Yes, it is software, but not all software is used to facilitate communication. Yes, it is both CD-Roms and the Internet, two different ways of delivering information to your computer screen, the one by means of a compact disc, the other by means of a telephone link. But the little, hand-held electronic pet, the Tamagotchi, which beeps when it needs to be fed, bathed or exercised, or else it dies: is this an example of the new medium?

Yes, computer-generated entertainment such as games and electronic pets and creatures which you can cause to run around your screen, are part of it. Yes, it is both a leisure activity and a business tool - you can do such things as participate in auctions of surplus airline seats via the Internet if you wish.

The new medium is inchoate in a second sense: it has many technical shortcomings. The computer screen is not a convenient way of reading large amounts of text. I like to print out any e-mail message of more than 100 words or so. The quality of the individual formats - text, sound, still picture, moving image - is poor to average. Moreover the medium requires more adeptness by the user than print, radio or television.

This medium is struggling to become a channel of mass communication. It will succeed only when it is easy to use and reliable in operation, and when it finds its own voice. So far as technical advances are concerned, the idea of providing simple Internet access via the TV screen in place of an expensive personal computer is being developed. Unfortunately, so- called Web TV provides inferior resolution and you would have to buy a keyboard if you wanted to use it for e-mail. More promising is the notion of introducing a cut-down version of the PC, the so-called network computer, which would allow you to call up the computing power you need when you need it. Work is also being done on upgrading the "pipe" - the telephone wire or cable that carries digital information from one computer to another.

By finding its own voice, I mean a process comparable to the early development of the cinema. The cinema quickly stopped being the theatre on screen and became a new discipline. In the same way this new medium is not simply books on screen, or a melange of the older media. It is on its way to something.

To see what direction this might be, look at what has been successful so far and seems to be authentically of the medium. E-mail is fast becoming a universal means of communication. An electronic version of the letter post, it is cheap, it is fast, it is global; and it has even engendered a special form of English that is something between that of a letter and a telephone conversation.

On-line retailing of books and records is growing apace. Like many people, I browse book reviews in newspapers and magazines rather than bookshelves in a bookshop. I buy books on the Internet because I can place my order at any moment, because 10 times more titles are available than a bookshop can provide, because I know what I am buying, so there are no issues of quality, and because the prices are good even when postage is added in.

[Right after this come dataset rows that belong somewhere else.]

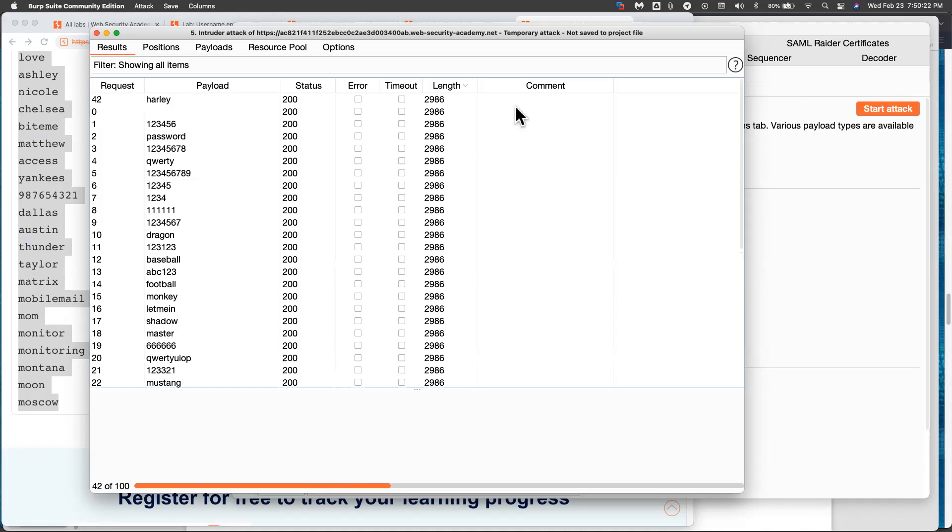That looks like the new one's always showing up on top. So we'll see it when it comes in.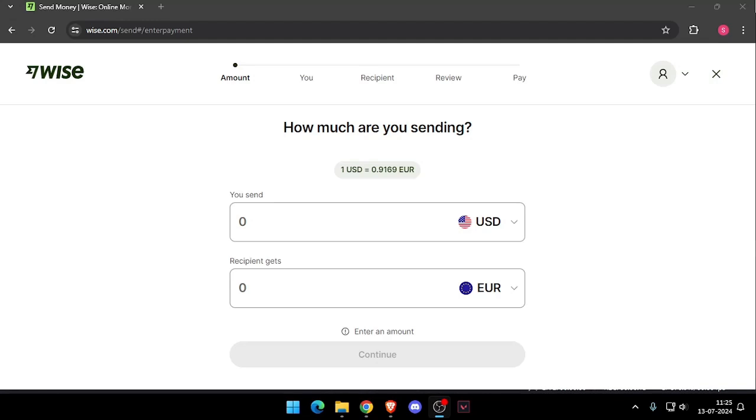First thing first, you need to create a Wise account. You can do this either online or by downloading the Wise app.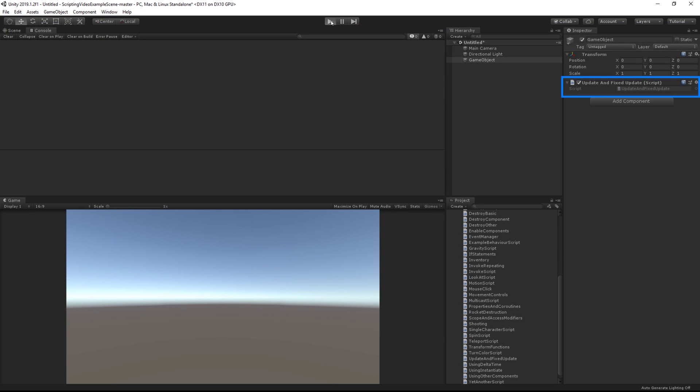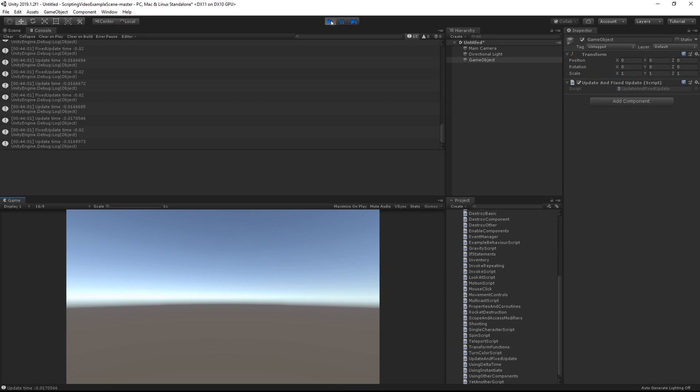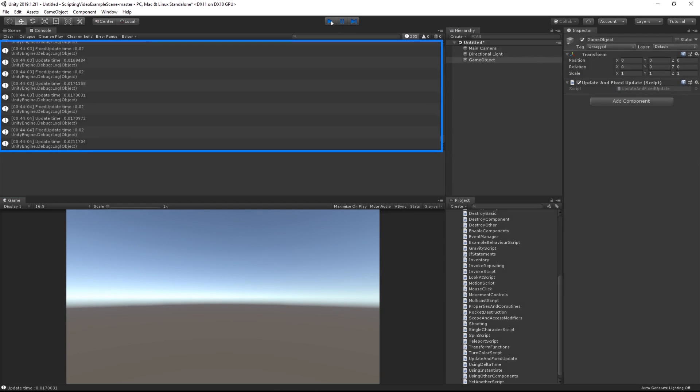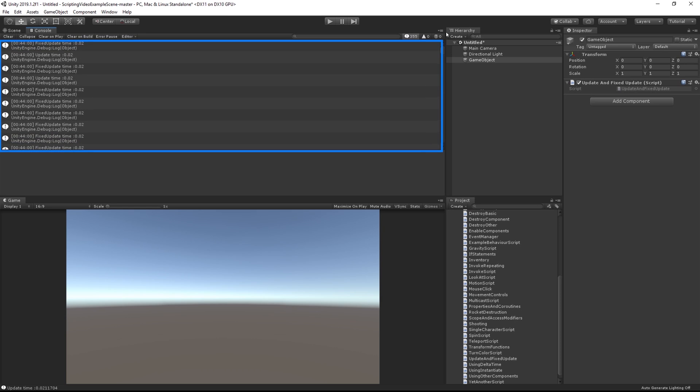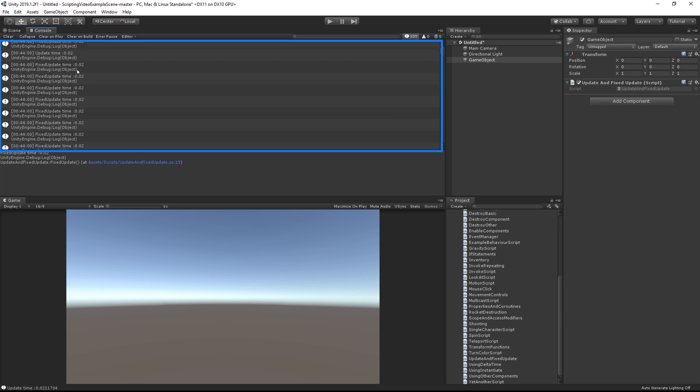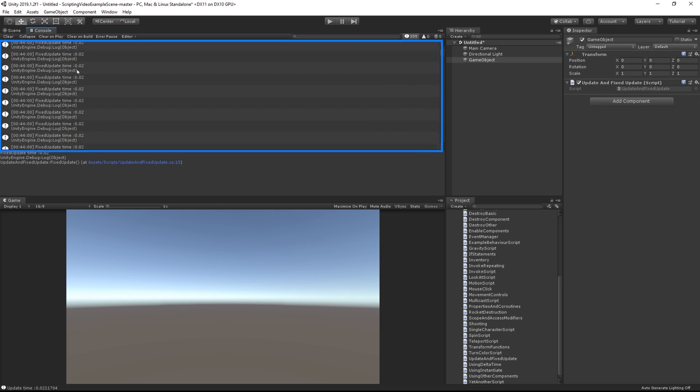Let's take a look at the difference between FixedUpdate and Update calls. In this example, we're logging to the console with each FixedUpdate and Update by adding the value of time.deltaTime. When I press play and pause, you can see that the time between FixedUpdates is always 0.02.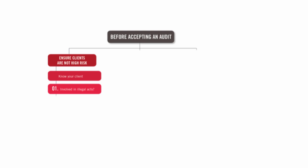Obviously, if they're involved in illegal acts, we do not accept the audit. If they're in a depressed industry, there may be some going concern problems. So we won't know whether they will be a going concern. That's going to take a lot of judgment and make it a high risk audit.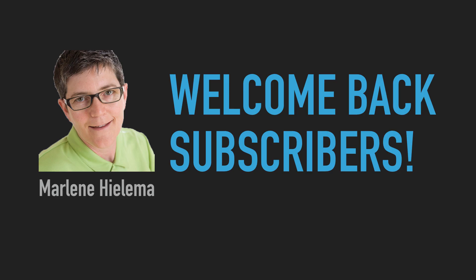Hi there, my name is Marlene Hilima from ImageMaven.com. If this is your first time here, thanks for stopping by and welcome back subscribers.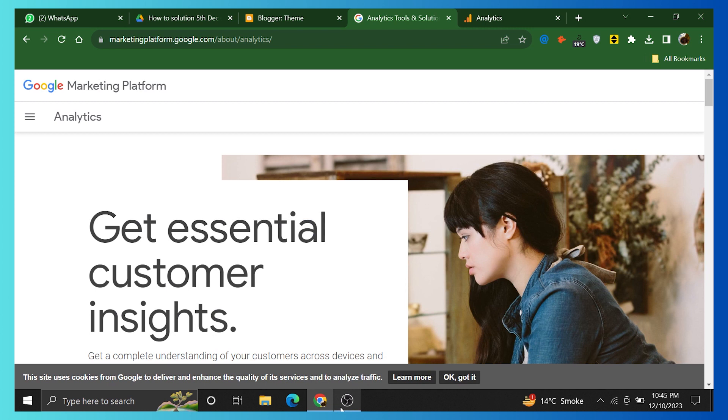Hey everybody, in this video, I will show you exactly how to add a blogger website in Google Analytics in 2024. Make sure to watch the video until the end to get the most out of it.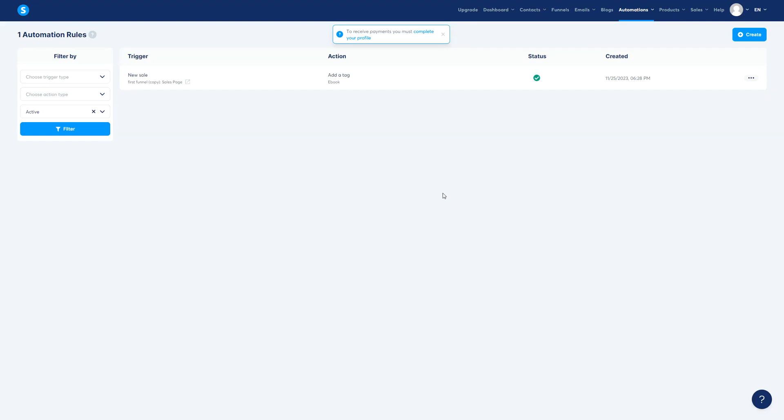Alright, in this video we're going to talk about automations, this tab right here where we have rules and workflows. Let's try to understand how they work and how you can use them the best way.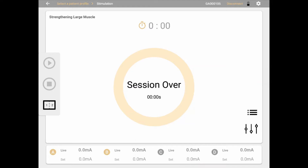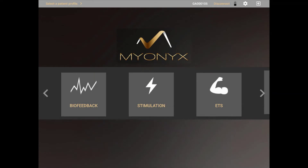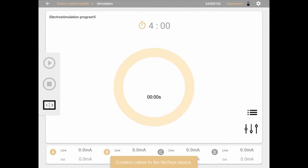To run an electrostimulation session using the Mionics app, first load the app and log in with your unique name and password. Enter electrostimulation by clicking the stimulation button in the main menu. This will lead to the electrostimulation main screen, where you can select and adjust the electrostimulation program.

With Encarta, Microsoft has shown that the combination of media - multimedia - and the power to manipulate data and to search through it rapidly, brings the encyclopaedia to a level which is far superior to what books can achieve. Computer games are the fiction of the new medium; the "shoot-em-ups" are equivalent to pulp fiction, a game like Myst is more akin to Tolkien. For the players they are as absorbing as reading a novel.

The Internet itself, with its tens of thousands of web sites, created alike by individuals, by institutions, by corporations, by local and national governments, is a new wonder of the world. It is a vast, global, randomly assembled store of information, growing every day, which can be searched with remarkable facility and at very low cost. It is a world library that will shortly be superior to the American Library of Congress and the British Library combined. And the Internet doesn't employ a single librarian.

These are the successes. Apart from Encarta, none of them directly threatens books, newspapers and magazines. History shows that the new media developed during the past century have not obliterated their predecessors as, say, the combined forces of the railway and the motor vehicle extinguished horse-drawn transport. The cinema left the theatre intact; TV did not overwhelm radio. The losses were minor. Music hall died; cinema largely gave up documentaries to TV; books are losing encyclopaedias.

But the indirect threat is immense. The box next to the computer screen is an extremely powerful device. The new medium is the most participative of all. And it is effortlessly global. I would guess that 95 per cent of its potential is unrealised. It really is inchoate. But there is a phrase we use which may be more prescient than we realise: we ask whether so-and-so is computer literate or not. Already we equate computers with literacy.